Jedes der vier Blätter erscheint als eine eigenständige Kosmologie mit ausdrücklichem Randabschluss. Von hier weg beginnt Wölfli zu zeichnen und legt die wichtigsten Grundlinien an, arbeitet sich ohne Unterlass vor und bewirkt damit sein typisches Horror vacui, jene lückenlos mit Ornament oder Figur gefüllten Flächen. Die Aargauer Blätter zeugen von weiteren Gestaltungcharakteristika wie der Verschränkung von Zeichnung, Text und Musiknoten sowie seinem 1912 bereits entwickelten Formenvokabular, dessen wichtigstes Element Wölflis „Vögeli“ ist: erotisches Symbol und Füllform zugleich.

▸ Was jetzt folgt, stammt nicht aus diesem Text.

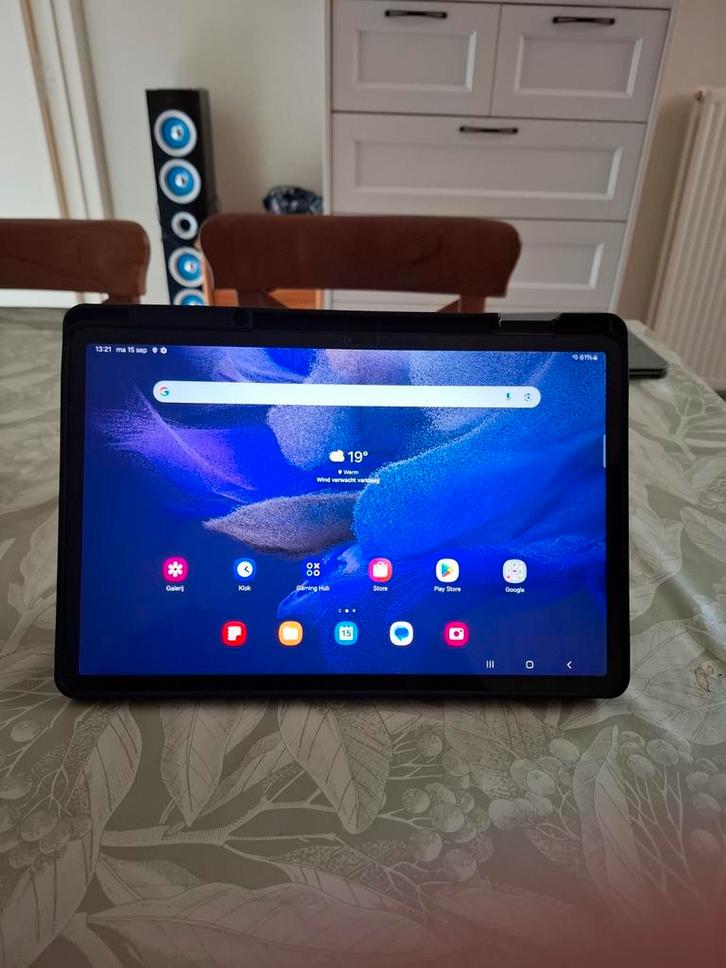 SAMSUNG GALAXY TAB S7 FE, Computers en Software, Android Tablets, Zo goed als nieuw, Ophalen of Verzenden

Weiter erscheinen Schnecken, „Glöggli-Ringe“ und „Augenmasken“, die oft auch sein Konterfei meinen.
Einer langen Reihe von „Riesenstädten“ dienten ein alter Atlas und Reisezeitschriften als Inspirationsquellen. So erinnert in „Pader=Boorn=Cohr Riesenstadt“ (Nr. 3194) das Dispositiv der Ornamentstreifen tatsächlich an Stadtpläne, mit einem Wegsystem aus Glöggli-Ringen, stattlichen Häusern und Baumreihen. Darin fügen sich eine Vielzahl Kreuz-bekrönter Gestalten mit Augenmasken, flankiert von Vögeli. Mit der Anzahl an Seelen benennt Wölfli die Grösse der Stadt, die jedoch durchaus variiert: an einer Stelle sind es 7‘419‘000, andernorts 4‘983‘000.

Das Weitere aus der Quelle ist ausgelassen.